Oh, on yet another environment I also discovered this unsettling thing (luckily, that's the second to last env 😅)

  # azurerm_subnet_network_security_group_association.subnet1-nsg[0] must be replaced
-/+ resource "azurerm_subnet_network_security_group_association" "subnet1-nsg" {
      ~ id                        = "/subscriptions/.../resourceGroups/ResourceGroup/providers/Microsoft.Network/virtualNetworks/vnet/subnets/subnet1" -> (known after apply)
      ~ network_security_group_id = "/subscriptions/.../resourceGroups/Resourcegroup/providers/Microsoft.Network/networkSecurityGroups/nsg" -> "/subscriptions/.../resourceGroups/ResourceGroup/providers/Microsoft.Network/networkSecurityGroups/nsg" # forces replacement
        # (1 unchanged attribute hidden)
    }
ADBjester commented 1 year ago

Hello Egor and @tombuildsstuff. I'd like to report that we, too, are seeing this, and cannot resolve it with mere "matching case".
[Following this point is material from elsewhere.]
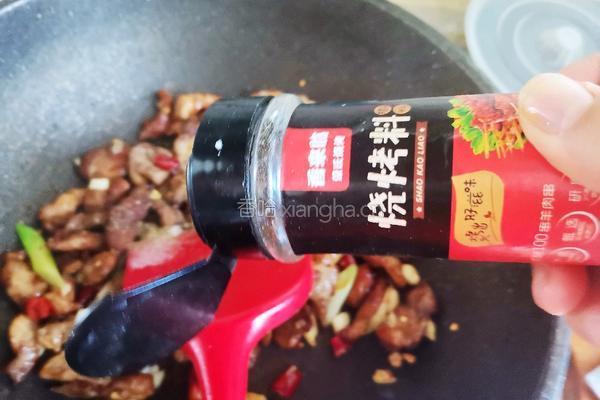 孜然肉片（家庭烤肉）的做法图解14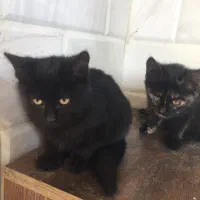 واگذاری بچه گربه دو ماهه محدوده تنکابن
In our case, it's a NSG Association that is unsettled. Here's the PLAN (edited to anonymize, but to illustrate the issue):

  # azurerm_subnet_network_security_group_association.sql_subnet_assignment must be replaced
-/+ resource "azurerm_subnet_network_security_group_association" "sql_subnet_assignment" {
      ~ id = "/subscriptions/<id>/resourceGroups/SOME-Project-EUS2-DEV-RG/providers/Microsoft.Network/virtualNetworks
          /SOME-Project-EUS2-DEV-VNET_10.432.411.0_22/subnets/some-project-dev-eus2-sql-subnet" -> (known after apply)
      ~ subnet_id = "/subscriptions/<id>/resourceGroups/some-project-eus2-dev-rg/providers/Microsoft.Network
                 /virtualNetworks/SOME-Project-EUS2-DEV-VNET_10.432.411.0_22/subnets/some-project-dev-eus2-sql-subnet" 
                 -> "/subscriptions/<id>/resourceGroups/SOME-Project-EUS2-DEV-RG/providers/Microsoft.Network
                     /virtualNetworks/SOME-Project-EUS2-DEV-VNET_10.432.411.0_22/subnets/some-project-dev-eus2-sql-subnet" # forces replacement
        # (1 unchanged attribute hidden)
    }

Note that it wants to change the case of the resource group name in the subnet_id from all-lower-case to the ORIGINAL-Weird-CASING that our Cloud Enablement team created.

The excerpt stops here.